Revenue for the EMEA region, which mainly consists of operations in Europe, rose 12% to $215.8 million for the third quarter of 2010 from $192.3 million for the third quarter of 2009.  The EMEA region reported operating income of $14.3 million for the current-year third quarter, up from $11.7 million for the same period in 2009.  EBITDA totaled $17.8 million for the third quarter of 2010, more than 20% higher than the $14.7 million achieved in last year’s third quarter.  These improved results reflect better business performance in several countries, particularly France, Russia and the United Kingdom.

 

Asia Pacific Region

 

In the Asia Pacific region, which includes operations in Asia, Australia and New Zealand, revenue rose 27% to $167.4 million for the third quarter of 2010 from $131.6 million for the third quarter of 2009.  Operating income for the region rose 28% to $13.6 million for the third quarter of 2010, compared with $10.6 million for the same period of 2009.  EBITDA increased by 20% to $15.6 million for the third quarter of 2010 compared with $13.0 million for last year’s third quarter.  These improved results reflect better revenue performance in several countries, particularly Australia, India, Japan and Singapore, partially as a result of increased reimbursements, which had minimal bottom line impact.

 

Global Investment Management Business

 

Global Investment Management, which includes investment management operations in the U.S., Europe and Asia, saw revenue rise 51% to $49.5 million for the third quarter of 2010 from $32.9 million in the third quarter of 2009.  Operating income nearly doubled to $11.6 million for the current-year quarter compared with $6.1 million in the same period of 2009.  Third-quarter 2010 EBITDA also increased significantly to $16.7 million from $4.6 million in the prior-year third quarter.  The current-year revenue, operating income and EBITDA improvements were partly attributable to the consolidation of several properties for financial reporting purposes due to a change in accounting regulations effective January 1, 2010. This accounting change had no bottom line impact.  Also contributing to the positive results were higher acquisition and asset management fees in the current-year quarter, partially offset by greater reversals of net carried interest incentive compensation expense accruals in the prior-year third quarter.

 

Assets under management totaled $35.7 billion at the end of the third quarter, up 3% and 6%, respectively, from year-end 2009 and the second quarter of 2010.

 

3



 

Development Services

 

The Development Services segment, which consists of real estate development and investment activities primarily in the U.S., saw revenue increase to $21.3 million for the third quarter of 2010, compared with $20.2 million for the third quarter of 2009.  The operating loss narrowed to $3.7 million for the current-year third quarter, compared with $19.1 million for the same period in 2009.  Third-quarter 2010 EBITDA totaled $9.4 million, up from $2.1 million in the prior-year third quarter.  The operating loss for the third quarter of 2009 included a gross, non-cash write-down of real estate assets of $17.2 million, but not the offsetting portion attributable to non-controlling interests of $15.7 million.  EBITDA included both items.
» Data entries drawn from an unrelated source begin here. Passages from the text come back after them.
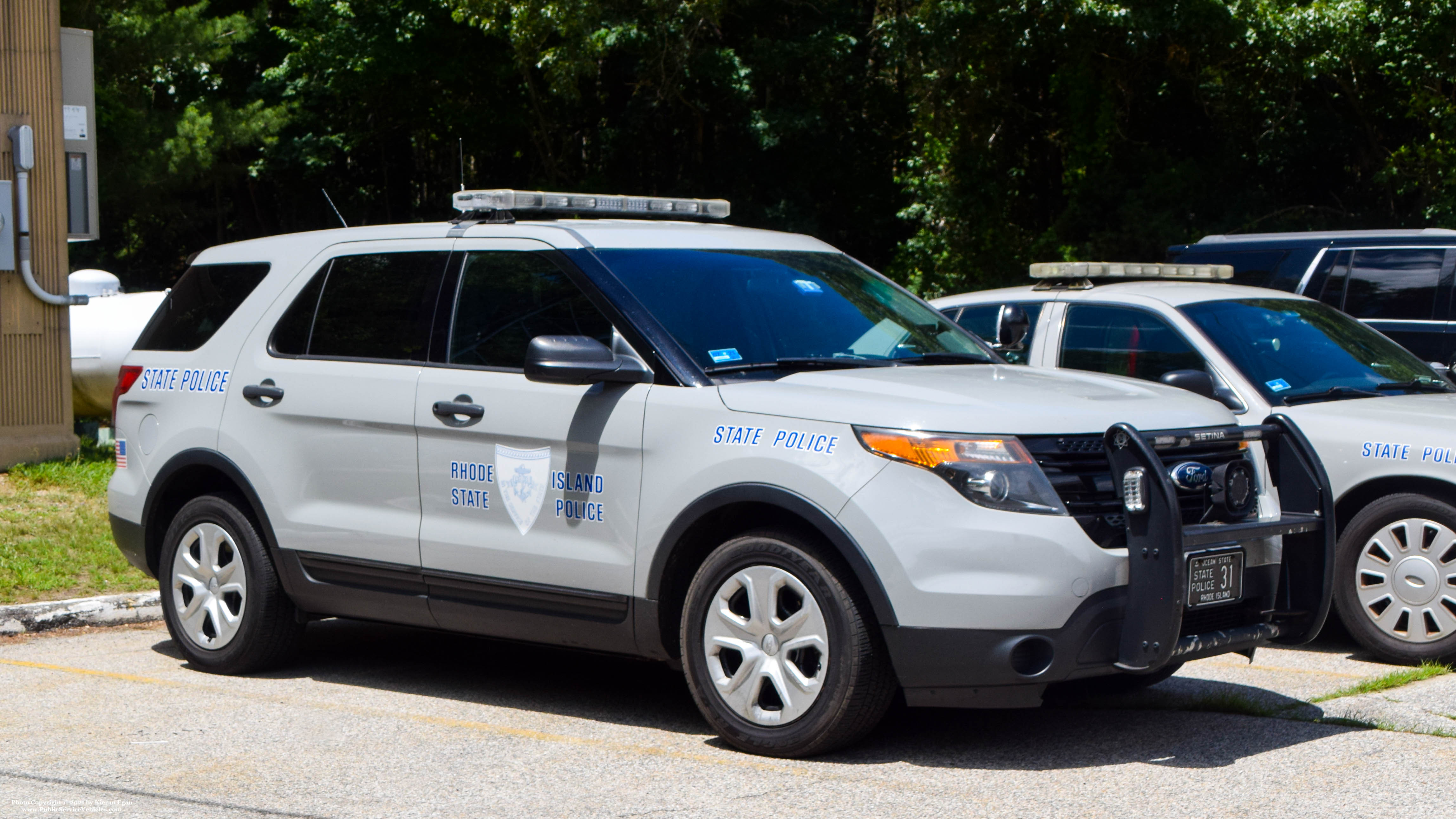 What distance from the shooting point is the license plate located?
5.04 m

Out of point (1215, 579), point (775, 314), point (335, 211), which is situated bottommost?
point (1215, 579)

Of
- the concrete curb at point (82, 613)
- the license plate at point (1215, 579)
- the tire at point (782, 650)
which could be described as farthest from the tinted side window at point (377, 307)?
the license plate at point (1215, 579)

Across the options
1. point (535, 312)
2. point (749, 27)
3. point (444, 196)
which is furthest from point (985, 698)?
point (444, 196)

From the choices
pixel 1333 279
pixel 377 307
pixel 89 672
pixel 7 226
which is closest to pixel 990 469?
pixel 377 307

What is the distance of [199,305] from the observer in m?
7.15

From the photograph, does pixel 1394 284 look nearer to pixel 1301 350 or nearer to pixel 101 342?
pixel 1301 350

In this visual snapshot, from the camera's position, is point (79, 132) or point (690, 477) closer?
point (690, 477)

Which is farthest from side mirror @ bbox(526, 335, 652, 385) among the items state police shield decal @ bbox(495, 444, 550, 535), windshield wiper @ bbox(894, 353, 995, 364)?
windshield wiper @ bbox(894, 353, 995, 364)

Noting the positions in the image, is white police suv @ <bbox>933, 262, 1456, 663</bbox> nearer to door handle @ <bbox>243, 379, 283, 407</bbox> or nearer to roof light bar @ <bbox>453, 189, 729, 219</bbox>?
roof light bar @ <bbox>453, 189, 729, 219</bbox>

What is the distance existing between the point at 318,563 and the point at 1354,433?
4527mm

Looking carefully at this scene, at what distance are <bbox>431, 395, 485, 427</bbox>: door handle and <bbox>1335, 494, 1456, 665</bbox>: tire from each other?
373 cm

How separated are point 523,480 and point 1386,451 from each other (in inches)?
151

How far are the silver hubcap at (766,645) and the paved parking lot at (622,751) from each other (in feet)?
0.66

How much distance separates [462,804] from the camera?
185 inches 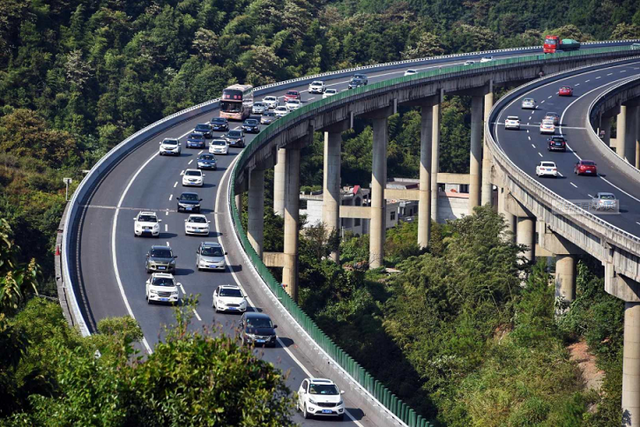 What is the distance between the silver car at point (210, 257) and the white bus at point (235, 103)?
1864 inches

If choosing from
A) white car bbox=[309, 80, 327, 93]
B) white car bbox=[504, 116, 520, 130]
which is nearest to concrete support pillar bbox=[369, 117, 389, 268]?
white car bbox=[309, 80, 327, 93]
Higher EBITDA in the current-year period was primarily driven by improved equity earnings as well as gains on property sales classified as “discontinued operations,” which are included in the calculation of EBITDA, but not in operating income/loss.

 

As of September 30, 2010, development projects in process totaled $4.9 billion and the inventory of pipeline deals as of September 30, 2010 was $1.1 billion.  These totals are up from $4.4 billion and $0.8 billion, respectively, at June 30, 2010 and $4.7 billion and $0.9 billion, respectively, at year-end 2009.

 

Nine-Month Results

 

For the nine months ended September 30, 2010, the Company reported net income on a U.S. GAAP basis of $105.2 million, or $0.33 per diluted share, a turnaround from a net loss of $30.9 million, or $0.11 loss per diluted share, in the same period of 2009. Excluding selected charges, net income would have totaled $124.5 million, or $0.39 per diluted share, for the nine-month period of 2010, a significant improvement from $23.8 million, or $0.09 per diluted share, in the year-earlier period.  Revenue for the nine months increased 21% to $3.5 billion.  EBITDA for the nine months nearly doubled to $406.5 million, compared with $205.0 million for the same period last year.  Excluding selected charges, EBITDA would have totaled $428.2 million in the current year-to-date period, up 68% from $254.9 million for the same period last year.

 

Full-Year Outlook

 

In light of year-to-date performance and visibility through year-end, the Company now expects Earnings Per Share, as adjusted, for full-year 2010 to approximate a range of $0.65 to $0.70. This expectation is indicative of Management’s belief that the commercial real estate cycle has turned to the positive, notwithstanding sluggish general economic growth.

 

Conference Call Details

 

The Company’s third-quarter earnings conference call will be held on Wednesday, October 27, 2010 at 10:30 a.m. Eastern Time.  A live webcast will be accessible through the Investor Relations section of the Company’s Web site at www.cbre.com/investorrelations.

 

The direct dial-in number for the conference call is 800-288-8960 for U.S. callers and 612-326-0027 for international callers.  A replay of the call will be available starting at 2:00 p.m. Eastern Time on October 27, 2010, and ending at midnight Eastern Time on November 3, 2010. The dial-in number for the replay is 800-475-6701 for U.S. callers and 320-365-3844 for international callers.  The access code for the replay is 175325.  A transcript of the call will be available on the Company’s Investor Relations Web site at www.cbre.com/investorrelations.

 

4



 

About CB Richard Ellis

 

CB Richard Ellis Group, Inc. (NYSE:CBG), a Fortune 500 and S&P 500 company headquartered in Los Angeles, is the world’s largest commercial real estate services firm (in terms of 2009 revenue).  The Company has approximately 29,000 employees (excluding affiliates), and serves real estate owners, investors and occupiers through more than 300 offices (excluding affiliates) worldwide. CB Richard Ellis offers strategic advice and execution for property sales and leasing; corporate services; property, facilities and project management; mortgage banking; appraisal and valuation; development services; investment management; and research and consulting. Please visit our Web site at www.cbre.com.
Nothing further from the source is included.